(What you should do) Set out the records below again exactly; skip the images.

#### Supplied data ####

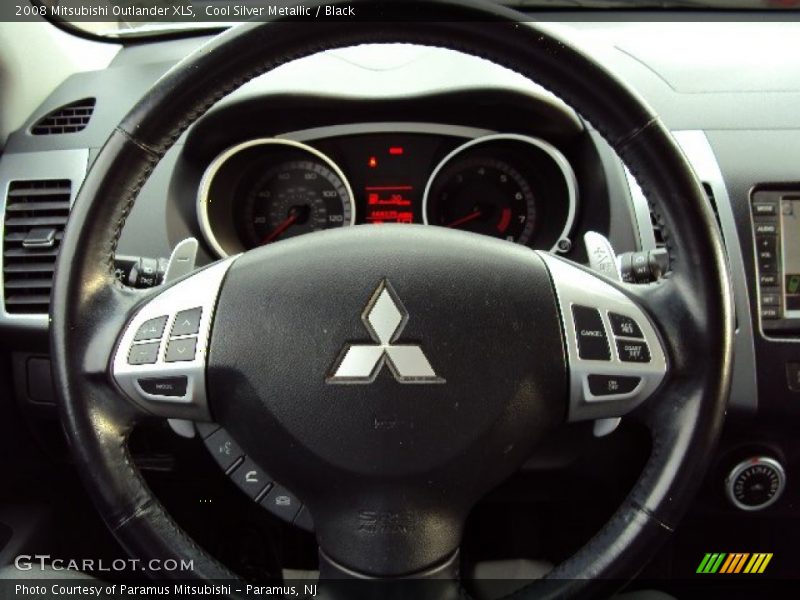 Cool Silver Metallic / Black 2008 Mitsubishi Outlander XLS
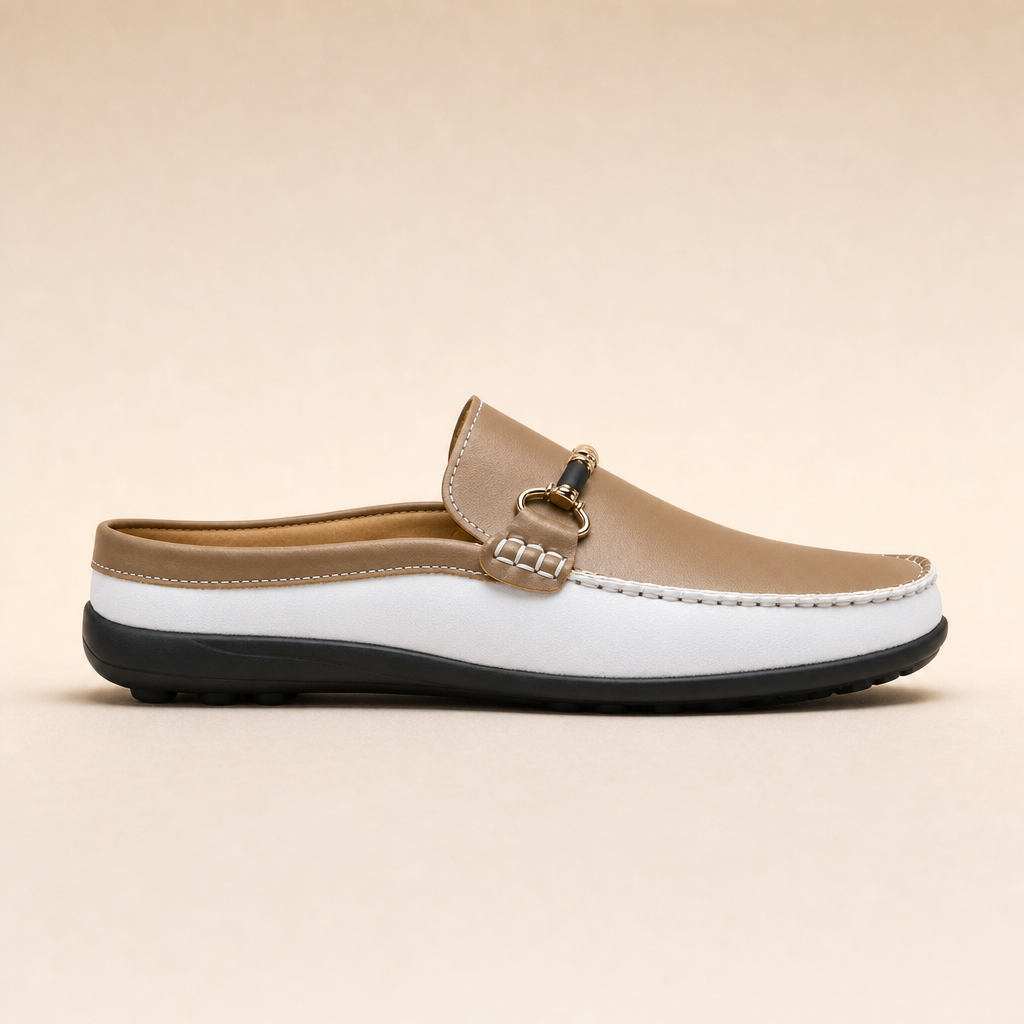 Durham Genuine Leather Slip-On Loafers in Blue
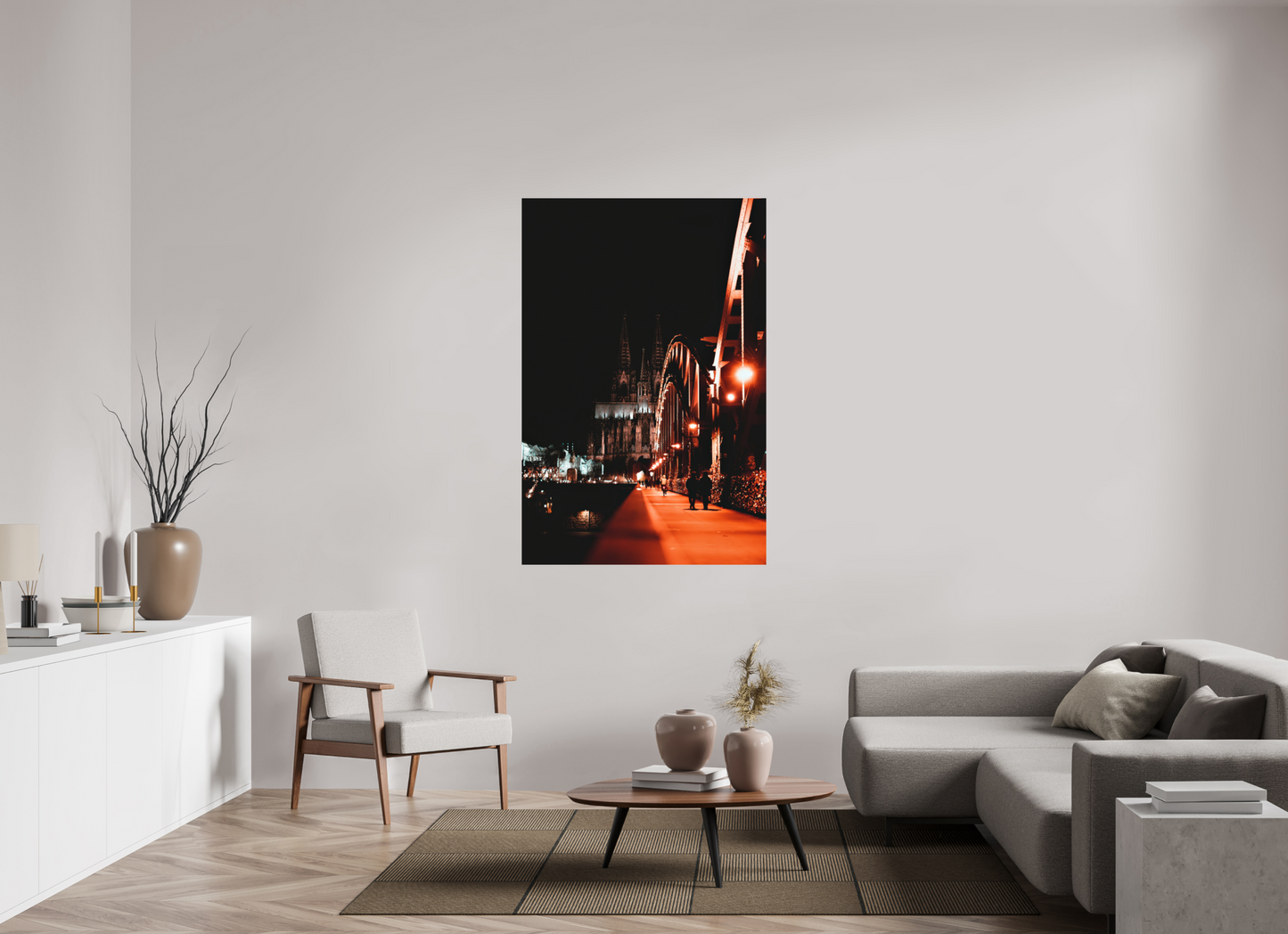 100 x 150 cm, Hahnemühle Photo Rag Bright White Walkway Glow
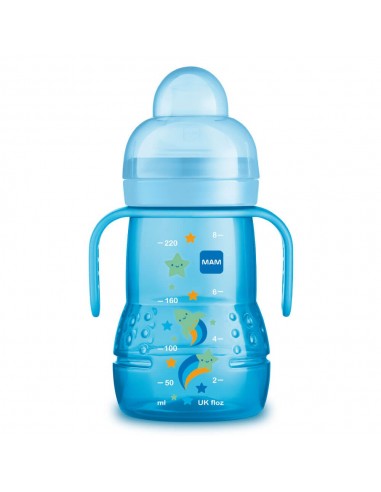 MAM BIBERON TRAINER+ BETTER TOGETHER COLOR AZUL 220ML
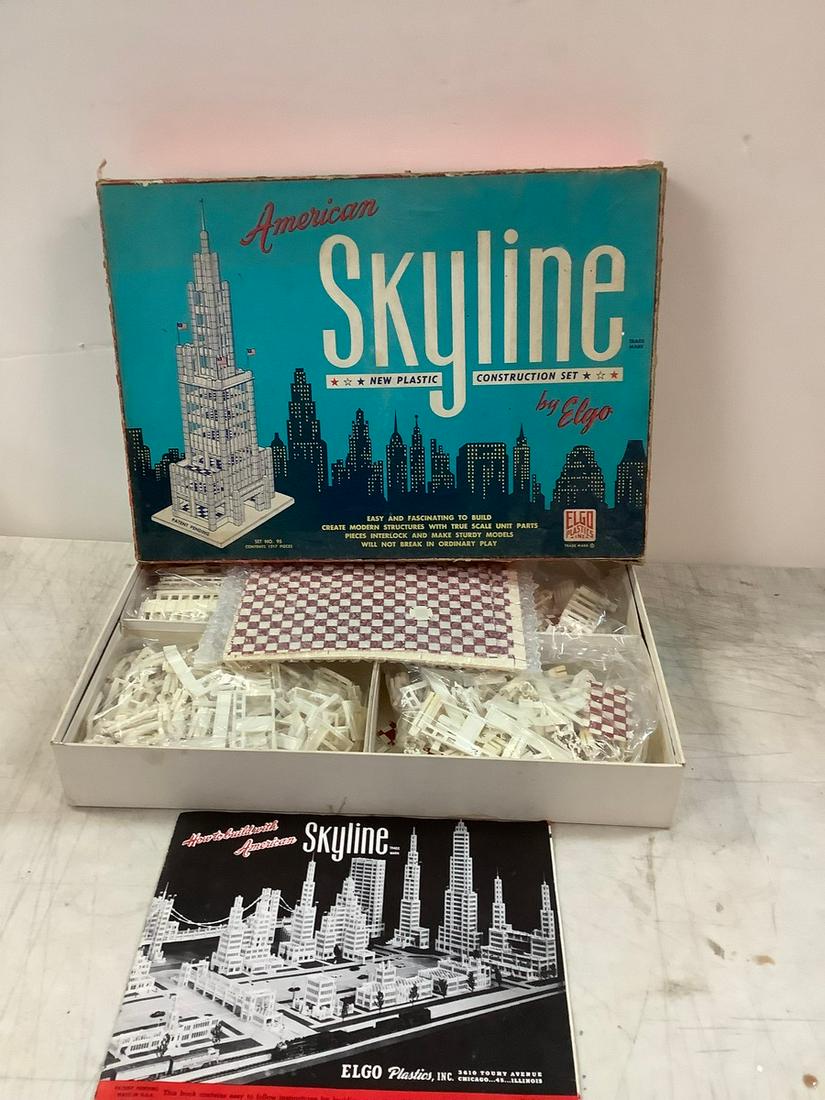 Vintage Elgo Plastics, Inc. American Skyline Plastic Construction Set (1 of 1)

####

(Result of the exercise)
 Cool Silver Metallic / Black 2008 Mitsubishi Outlander XLS
 Durham Genuine Leather Slip-On Loafers in Blue
 100 x 150 cm, Hahnemühle Photo Rag Bright White Walkway Glow
 MAM BIBERON TRAINER+ BETTER TOGETHER COLOR AZUL 220ML
 Vintage Elgo Plastics, Inc. American Skyline Plastic Construction Set (1 of 1)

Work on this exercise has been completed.